On March 2, 2013 Jason Warnke had his Curatorial Debut exhibiting 140 video game artists (60 at the gallery and 80 included online) at Gauntlet Gallery in San Francisco.

The following interview was held at Zero Zero Restaurant in San Francisco on March 8th, 2013.

Lin Evola: Jason what inspired you to curate an exhibition of Video Game art? Why Mega Man?

Jason Warnke: Mega Man was a massive influence in my early video game days. He stood as a hero and the non-linear gameplay mixed with the ability to acquire power from the obstacles (or Robot Masters) was so incredibly aspirational. Also the characters themselves are incredibly lighthearted while remaining interesting. The main hero is an android built to assist Doctor Light, but when Doctor Wily turns his creations into weapons of destruction, Mega Man is sent to defeat him.

LE: Where do you see the future of video game art?

A) visually
B) technically


JW: Haha. This is a very complicated question with no true answer. I see video game art going in every direction... but the good art that drives the medium forward is where it sticks, where people latch onto and can appreciate it. Take Guild Wars 2 for example. They have spent years making the game feel like a painting and it has paid off. The game is gorgeous and the fans love it.

LE: Jason, what is video game art?

JW: "Video game art" means a lot of things. There is the technical aspect of building art for games, both as concept art in a traditional form and digital art assets that the game code uses. But to me Video Game Art is world building. Game artists have to not only make art, they have to make a cohesive world for people to explore.

LE: Why Mega Man?

JW: Mega Man was one of the first games that I and most of my friends played. When Mega Man overcome the obstacles in his way, the Robot Masters, he gains the power of the boss enemy. With that new empowerment, you are able to defeat the next boss quicker, more efficient.
LE: It is the Hero's Journey (see Joseph Campbell).
Do you see this medium (video games) being a direction of fine art?

JW: People appreciate what they appreciate. Fine art is a gorgeous and incredible art form, and so is digital art.
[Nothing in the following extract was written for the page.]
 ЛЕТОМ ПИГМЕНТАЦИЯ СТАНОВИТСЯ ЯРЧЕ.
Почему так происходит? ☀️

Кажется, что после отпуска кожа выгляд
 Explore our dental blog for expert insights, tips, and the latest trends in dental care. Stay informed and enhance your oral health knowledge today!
In fact digital art is nothing without traditional art, it is an evolution of art with the incredibly strong emotional attachments video game players have with these games, I see video game art as being a widely accepted art medium that allows artists and writers to tell the story they want to tell.

Robot Masters (bosses) in Mega Man started off as benign helper robots that served a specific benifitial purpose like regulating the voltage of nuclear power plants or operate an incinerator at a junk yard. But after the treachery of the Villanous Doctor Wily, each robot master were converted to villains. This transitory use of imagery is interesting. Some of the artists in the show captured these android characters at different points in their game life.
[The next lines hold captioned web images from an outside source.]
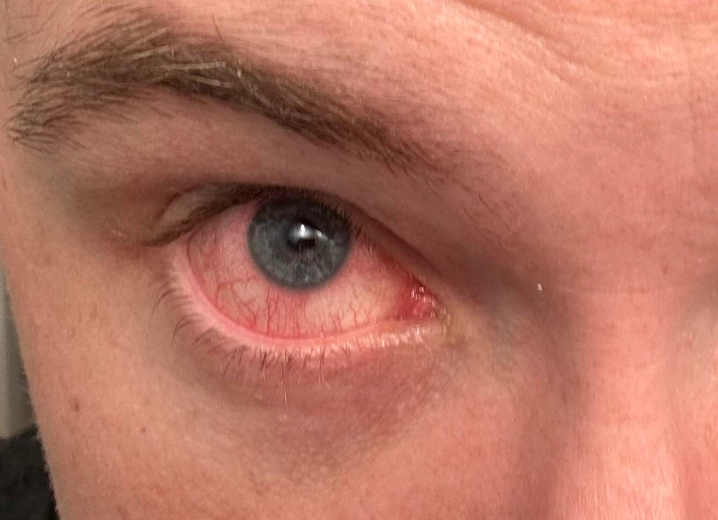 red eyes from lack of sleep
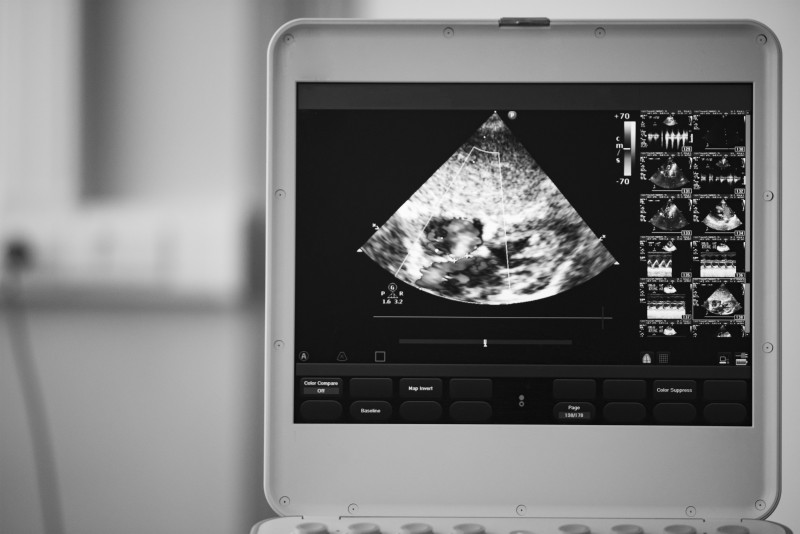 Factors to Consider Before Buying an Ultrasound Machine in North Charleston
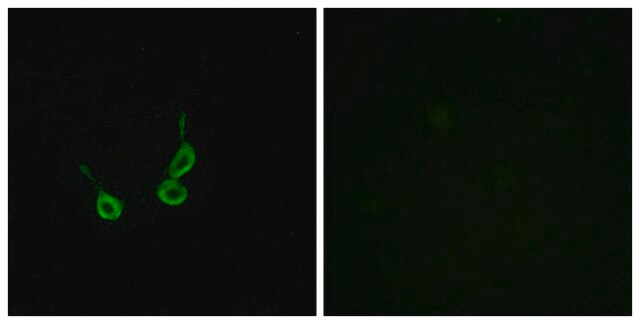 Anti-GPR150 antibody produced in rabbit affinity isolated antibody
LE: This is similar to Rembrandt, Leonardo Da Vinci, Lynn Hershman - artists that capture portraits of themselves at various points in their lives.
Jason, what did you look for in the artists that you exhibited?

JW: Talent & Style. Passion. Love for the Beloved Blue Bomber (Mega Man).

Most of the art was digitally printed. This led to the same accessibility that video games can have. We can play video games wherever and whenever we choose and we are printing art to purchase and place at any price and size that we prefer. Access is important.

For the exhibition, all art had to be 3x4, which is significant to the Mega Man series because the original game menu Level Selection (or Boss selection) portrayed each of the bosses with a 3x4 inch landscape portrait of the character.

LE: What is next for the exhibition?

The Comic Book Museum has asked for the exhibition to go there next, so check back for more details about a show in the summer.

JW: I am also looking forward to conceiving what the next video game exhibition will have as a theme.

LE: As Co-Founder of Wormhole Games, how do you see continuing as a curator fitting into your role as Game Designer?

JW:Wormhole Games: We want to make bad-ass games that relate back to the core of video games.

It is the next generation of artists who combine what was intimate for them as they now portray what it was that they experienced and use the skill base and technology that is their inheritance. If they want to look up any artist in the world at any time of history, they can. It will be interesting to see how art always does. Bravo to this new breed of artists in a world where drawers, painters, sculptures find their way in the world outside what was known before they were born.

As a professional Artist, I am eager to see.